Late Mexican film director Jaime Humberto Hermosillo. Photo: Yahoo.com

“My master is dead. He was one of the greats and the person who transformed the filmmaking culture in Guadalajara,” Del Toro wrote.

Del Toro worked on two films with Hermosillo as assistant director.

Del Toro is known for his flick “The Shape of Water,” as well as his rendition of “Hellboy.”

A native of Aguascalientes, Hermosillo is best known for his work with Colombian author Gabriel García Márquez on “Mary My Dearest” and “The Summer of Miss Forbes.,” and his 1991 film “Homework.”

Hermosillo’s films are being broadcast all this week in Mexico at 10:30 p.m. on CHe worked with Gabriel García Márquez on Mary My Dearest (1979) and The Summer of Miss Forbes (1988). His film Homework (1991) was entered into the 17th Moscow International Film Festival where it won a Special Mention.hannel 22.

Barr to Visit

U.S. Attorney General William Barr will be in Mexico City on Thursday, Jan. 16, for separate meetings with Foreign Relations Secretary Marcelo Ebrard and Fiscal General Alejandro Gertz Manero.

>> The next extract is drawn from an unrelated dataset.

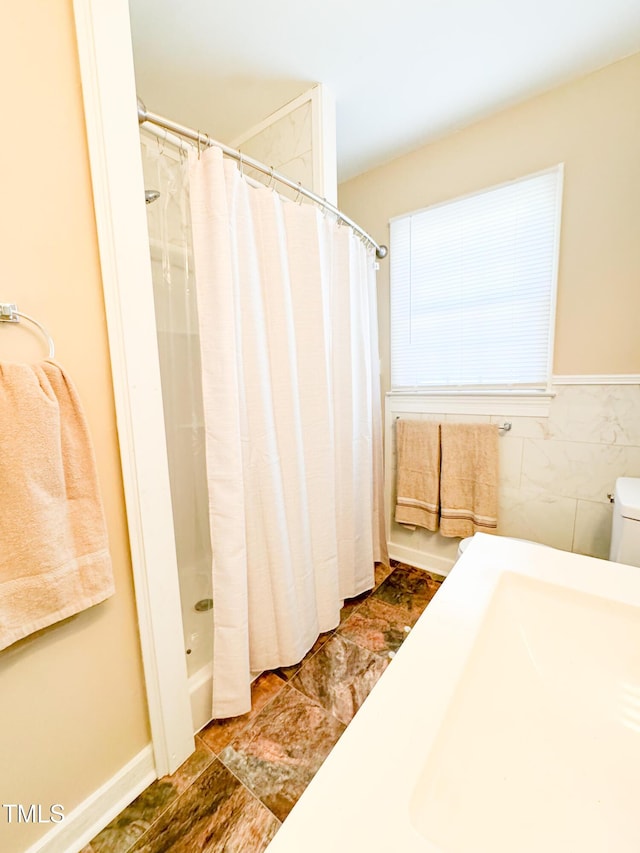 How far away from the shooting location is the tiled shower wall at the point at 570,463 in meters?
1.40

U.S. Attorney General William Barr. Photo: Yahoo.com

Barr’s slated visit has aroused curiosity across México because every time he drops by in Mexico City “curious things” happen.

The last times Barr was here, ousted Bolivian President Evo Morales had to leave México “in a hurry” to Cuba,.

And on a separate occasion, the Trump administration arrested Mexico’s former top cop, Genaro García Luna, soon to go on trial in Brooklyn.

People are now wondering who will be the next to fall from grace once Barr arrives in the city?